The use of tensorflow-io is straightforward with keras. Below is an example to Get Started with TensorFlow with the data processing aspect replaced by tensorflow-io:

import tensorflow as tf
import tensorflow_io as tfio

# Read the MNIST data into the IODataset.
dataset_url = "https://storage.googleapis.com/cvdf-datasets/mnist/"
d_train = tfio.IODataset.from_mnist(
    dataset_url + "train-images-idx3-ubyte.gz",
    dataset_url + "train-labels-idx1-ubyte.gz",
)

# Shuffle the elements of the dataset.
d_train = d_train.shuffle(buffer_size=1024)

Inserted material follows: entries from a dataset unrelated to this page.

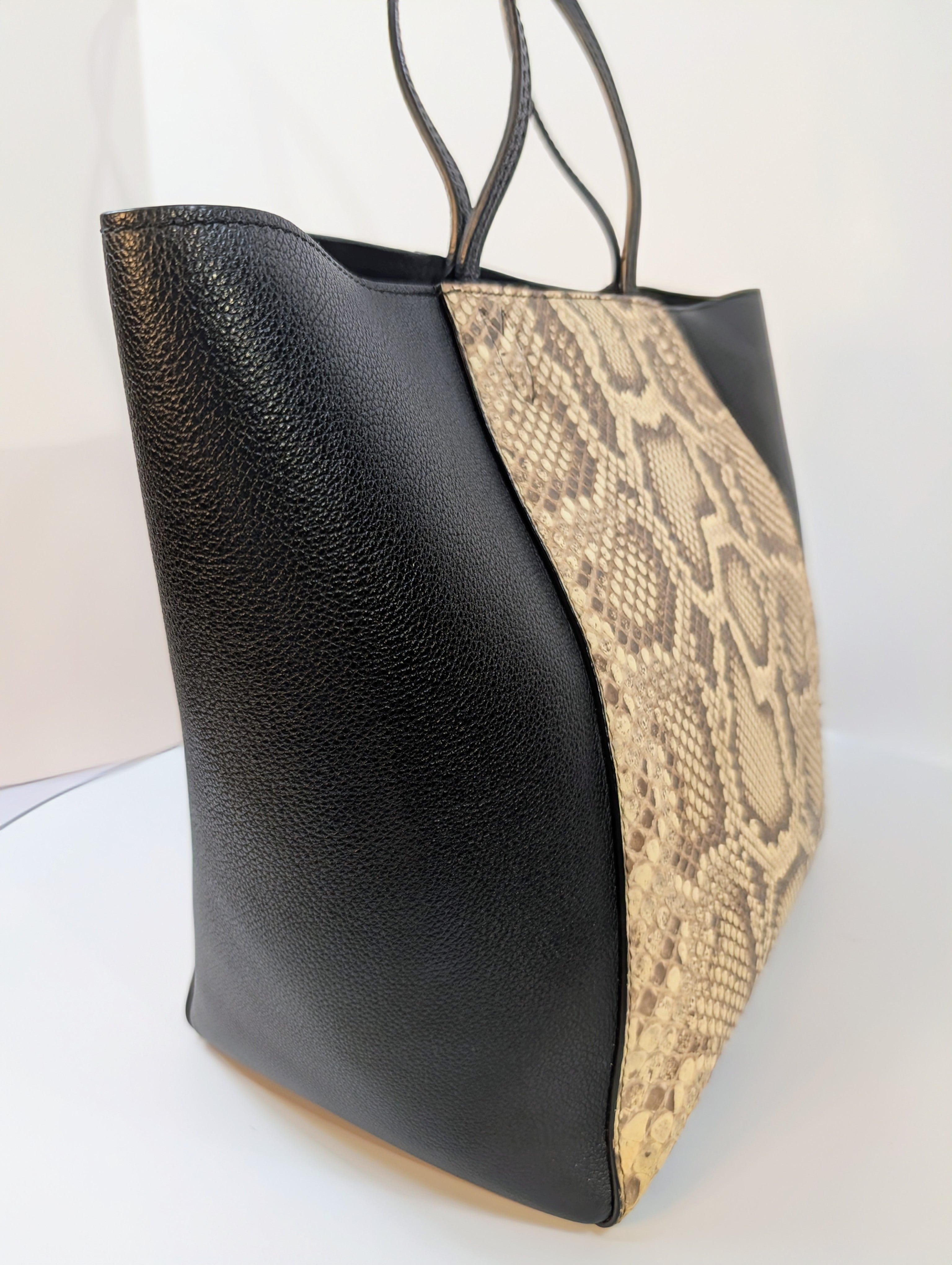 Louis Vuitton Black Grained Leather and Python Lockme Cabas Tote Bag
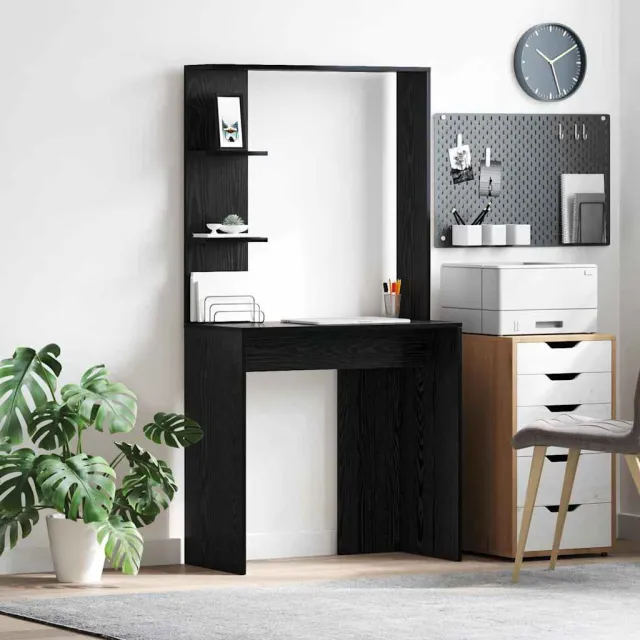 vidaXL Bureau Zwart Eiken 78,5 x 37 x 154,5 cm Bewerkt hout, foto 2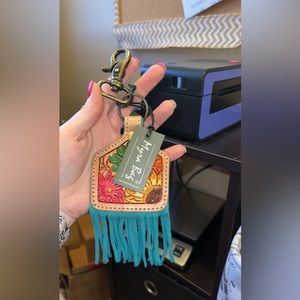 Myra leather and tassel keychain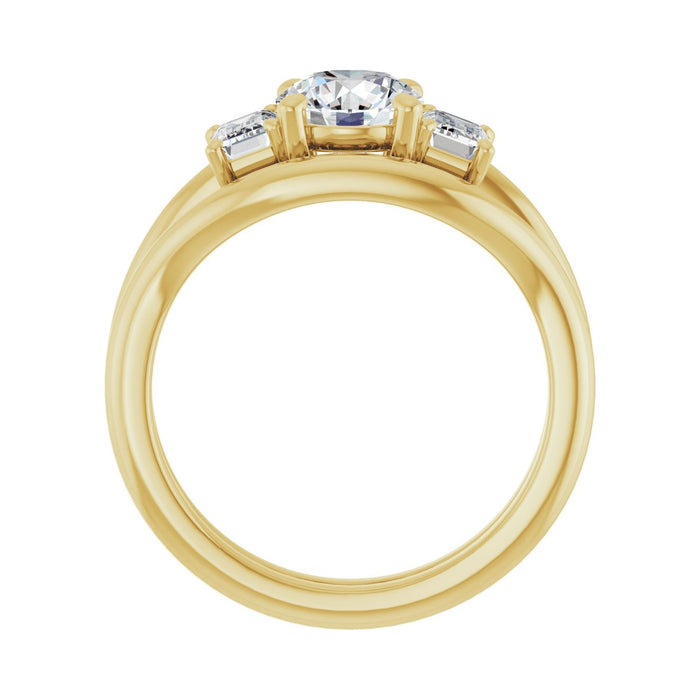14K Yellow Gold 6.5 mm Round 3/4 CTW Lab-Grown Semi-Set Engagement Ring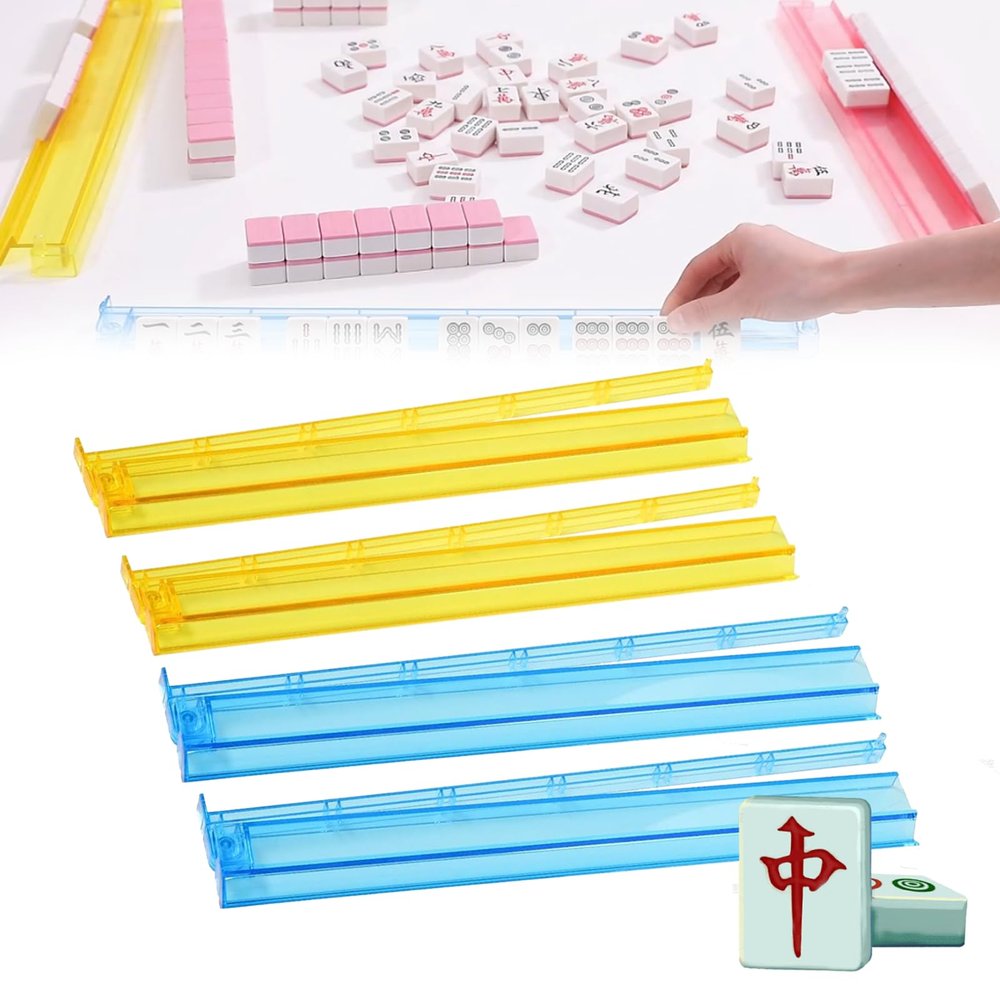 BaoBaJiu 18.5IN Mahjong Racks-Mahjong Racks with Pushers 3 in 1 Functional Design-Acrylic Transparent Mahjong Accessories-Suitable for Party/Mahjong Accessories (Blue+Yellow)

# By default image data is uint8, so convert to float32 using map().
d_train = d_train.map(lambda x, y: (tf.image.convert_image_dtype(x, tf.float32), y))

# prepare batches the data just like any other tf.data.Dataset
d_train = d_train.batch(32)

# Build the model.
model = tf.keras.models.Sequential(
    [
        tf.keras.layers.Flatten(input_shape=(28, 28)),
        tf.keras.layers.Dense(512, activation=tf.nn.relu),
        tf.keras.layers.Dropout(0.2),
        tf.keras.layers.Dense(10, activation=tf.nn.softmax),
    ]
)

# Compile the model.
model.compile(
    optimizer="adam", loss="sparse_categorical_crossentropy", metrics=["accuracy"]
)

# Fit the model.
model.fit(d_train, epochs=5, steps_per_epoch=200)

In the above MNIST example, the URL's to access the dataset files are passed directly to the tfio.IODataset.from_mnist API call. This is due to the inherent support that tensorflow-io provides for HTTP/HTTPS file system, thus eliminating the need for downloading and saving datasets on a local directory.

NOTE: Since tensorflow-io is able to detect and uncompress the MNIST dataset automatically if needed, we can pass the URL's for the compressed files (gzip) to the API call as is.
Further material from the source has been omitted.